Beijing to Host 2022 Winter Olympics
The Chinese capital will become the first city to have hosted both summer and winter games.
Bejiing has been named the host city for the 2022 Winter Olympics, beating the Kazakh city of Almaty in a two-horse race.
The decision was made by the International Olympic Committee in Kuala Lumpur, where both finalists made a last-ditched push to claim the prize. Beijing – which won by 44 votes to 40 – is now set to become the first city to have hosted both summer and winter games.
The event will be split between three sites: one in the Chinese capital itself, one in the city of Zhangjiakou — 125 miles from Beijing — and one in the mountainous Yanqing county to the city's northwest.
Prior to the decision, activists had urged the IOC to reject Beijing's bid.
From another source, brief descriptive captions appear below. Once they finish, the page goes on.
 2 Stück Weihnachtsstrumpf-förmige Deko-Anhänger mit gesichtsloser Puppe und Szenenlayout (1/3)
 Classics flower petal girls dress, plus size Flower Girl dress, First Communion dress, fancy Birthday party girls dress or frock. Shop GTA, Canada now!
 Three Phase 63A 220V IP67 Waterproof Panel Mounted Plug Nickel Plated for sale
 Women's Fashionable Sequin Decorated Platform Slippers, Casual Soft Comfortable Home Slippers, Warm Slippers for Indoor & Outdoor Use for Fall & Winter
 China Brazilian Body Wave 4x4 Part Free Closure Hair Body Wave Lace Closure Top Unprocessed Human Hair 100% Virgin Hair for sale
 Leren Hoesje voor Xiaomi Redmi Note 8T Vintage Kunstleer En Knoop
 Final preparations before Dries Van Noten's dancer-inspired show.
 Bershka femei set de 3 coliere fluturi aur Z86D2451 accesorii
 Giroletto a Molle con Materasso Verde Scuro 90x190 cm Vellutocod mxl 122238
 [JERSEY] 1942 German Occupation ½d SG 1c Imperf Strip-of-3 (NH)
An open letter signed by many high-profile dissidents said that China was on the brink of a "human rights crisis with a scale of violations that is unprecedented since 2008," pointing to a crackdown on government opponents and claiming that the Olympic win would "endorse a government that blatantly violates human rights."
While there were no major protests at Friday's IOC vote, at a briefing last month pro-Tibet supporters broke into the hotel brandishing banners with slogans including "Free Tibet" and "No More Bloody Games."
Kazakhstan hadn't escaped criticism over its human rights record either, with Human Rights Watch saying that the authorities "heavily restrict" freedom of assembly, speech and religion, while "torture remains a serious problem."
Last year it was revealed that, were Beijing to win the bid, Zhang Yimou, the director of Hero, Raise the Red Lantern and the opening and closing ceremonies for the summer games in 2008, would be applying his magic to the 2022 Winter Olympics' ceremonies as well.
The bid came down to just two cities after Munich, Oslo, Stockholm, Lviv, Krakow and Graubunden all withdrew from the race.
The next Winter Olympics in 2018 will be held in PyeongChang in South Korea.